TASK INSTRUCTIONS: Give every line of the data again, unchanged, but with no pictures.

DATA SEGMENT:
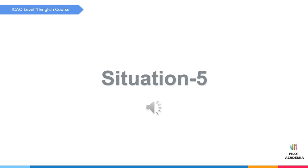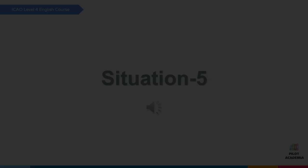Situation five, listen: we have a little problem with pushback car so waiting for another one. You may pause and report what you can.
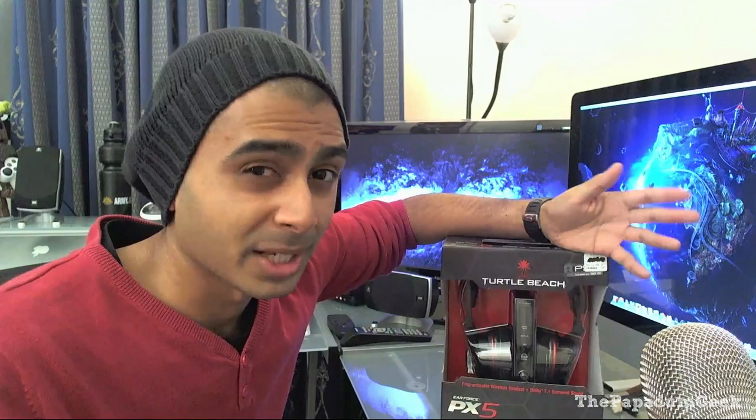And then there's the Astro A40s, which are the next, I think, the best competitive headphones out there, which I do like. But I'm only interested in wireless. I'm not really interested in the wired ones. I have too many wires already on my desk. I don't need more.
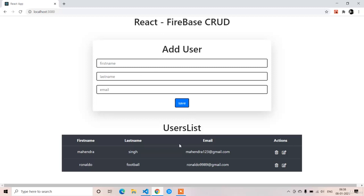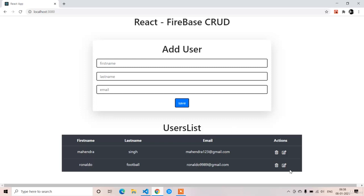Instead of creating another route or another component just for the edit option, we can reuse the AddUser component, which already has the same input fields: first name, last name, email, and save. When we click the edit button for the first object, we send that complete object to AddUser using props. If we click the second object's edit button, we send the second object.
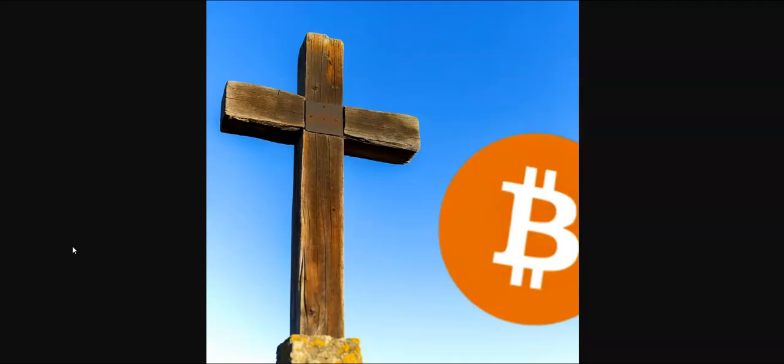Obey Jesus, save in Bitcoin, Jeremy Hain. Amen, amen.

REPLY:
Situation five, listen: we have a little problem with pushback car so waiting for another one. You may pause and report what you can.
And then there's the Astro A40s, which are the next, I think, the best competitive headphones out there, which I do like. But I'm only interested in wireless. I'm not really interested in the wired ones. I have too many wires already on my desk. I don't need more.
Instead of creating another route or another component just for the edit option, we can reuse the AddUser component, which already has the same input fields: first name, last name, email, and save. When we click the edit button for the first object, we send that complete object to AddUser using props. If we click the second object's edit button, we send the second object.
Obey Jesus, save in Bitcoin, Jeremy Hain. Amen, amen.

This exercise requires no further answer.